The following code sample draws red outlines around all text fragments it finds on a page, as well as the order in which each fragment is encountered in the collection (as shown on the image below.)

PdfManager objPdf = new PdfManager();
PdfDocument objDoc = objPdf.OpenDocument(Server.MapPath("population.pdf"));
PdfPage objPage = objDoc.Pages[1];
PdfPreview objPreview = objPage.ToImage("extracttext=7"); // sort/glue

objPage.Canvas.LineWidth = 0.5f;
objPage.Canvas.SetFillColor(1, 0, 0);

int i = 1;

foreach(PdfRect rect in objPreview.TextItems)
{
  objPage.Canvas.SetColor(1, 0, 0);
  objPage.Canvas.SetFillColor(1, 0, 0);

  // Red outline
  objPage.Canvas.DrawRect(rect.Left, rect.Bottom, rect.Width, rect.Height);

  // Small box on top to display count
  objPage.Canvas.FillRect(rect.Left, rect.Top, 10, 5);
  objPage.Canvas.DrawRect(rect.Left, rect.Top, 10, 5);
  objPage.Canvas.DrawText(i.ToString(), "x=" + (rect.Left + 1).ToString()+";y=" +
    (rect.Top + 6).ToString() + ";color=white; size=5",
  objDoc.Fonts["Helvetica"]);

  i++;
}

String strFilename = objDoc.Save(Server.MapPath("extracttext.pdf"), false);
Dim objPdf As PdfManager = New PdfManager()
Dim objDoc As PdfDocument = objPdf.OpenDocument(Server.MapPath("population.pdf"))
Dim objPage As PdfPage = objDoc.Pages(1)
Dim objPreview As PdfPreview = objPage.ToImage("extracttext=7") ' sort/glue

objPage.Canvas.LineWidth = 0.5f
objPage.Canvas.SetFillColor(1, 0, 0)

Dim i As Integer = 1

For Each rect As PdfRect in objPreview.TextItems
  objPage.Canvas.SetColor(1, 0, 0)
  objPage.Canvas.SetFillColor(1, 0, 0)

  ' Red outline
  objPage.Canvas.DrawRect(rect.Left, rect.Bottom, rect.Width, rect.Height)

  ' Small box on top to display count
  objPage.Canvas.FillRect(rect.Left, rect.Top, 10, 5)
  objPage.Canvas.DrawRect(rect.Left, rect.Top, 10, 5)
  objPage.Canvas.DrawText(i.ToString(), "x=" + (rect.Left + 1).ToString() + _
    "; y=" + (rect.Top + 6).ToString() + ";color=white; size=5", _
  objDoc.Fonts("Helvetica"))

  i = i + 1
Next

Dim strFilename As String = objDoc.Save(Server.MapPath("extracttext.pdf"), false)

Click on the links below to run this code sample:

17.8 Image Replacement

17.8.1 Feature Overview

As of Version 3.6, AspPDF.NET is capable of replacing images in an existing PDF documents with other images or graphics.
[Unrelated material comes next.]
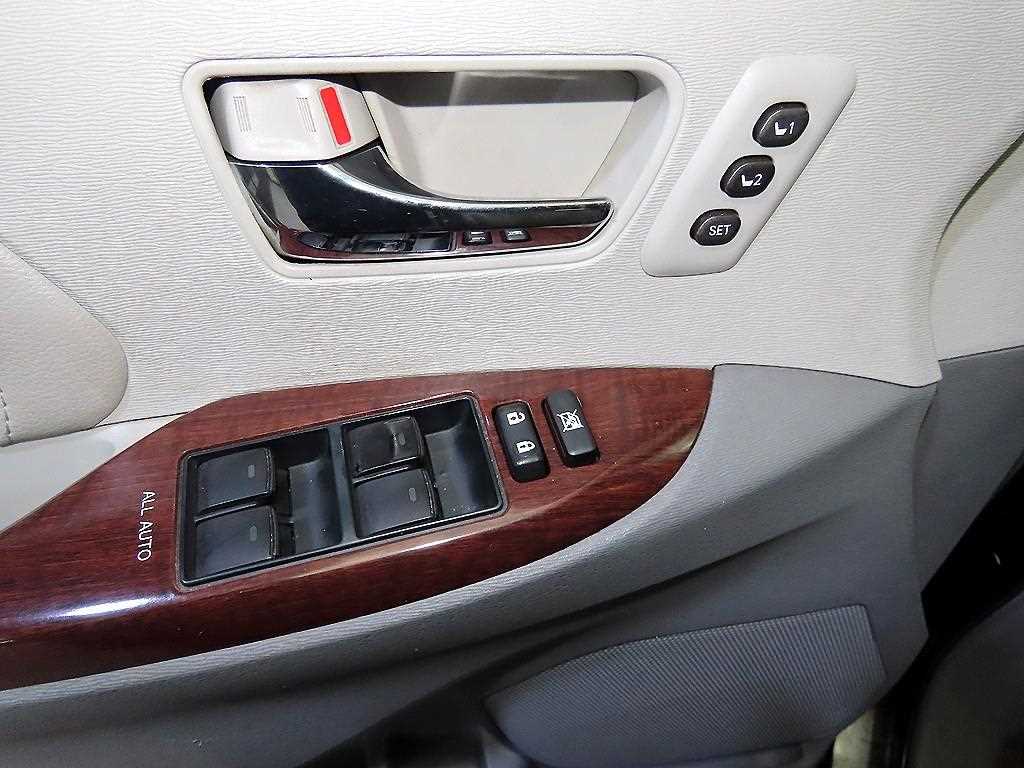 Toyota Siena - Vista 12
This feature is useful, among other things, for reducing the overall size of a PDF document by replacing its high-resolution images with their lower-resolution versions.

The image replacement feature is built on top of the document stitching functionality described in Section 14.1. Consider the following code:

PdfDocument objDoc2 = objPDF.OpenDocument(path);
PdfDocument objDoc1 = objPDF.CreateDocument();
objDoc1.AppendDocument(objDoc2);
objDoc1.Save(path2);

This code creates an empty new document, Doc1, and appends Doc2 to it, thus creating a document almost completely identical to Doc2. All items comprising Doc2 are copied to Doc1 during the appending operation, including images.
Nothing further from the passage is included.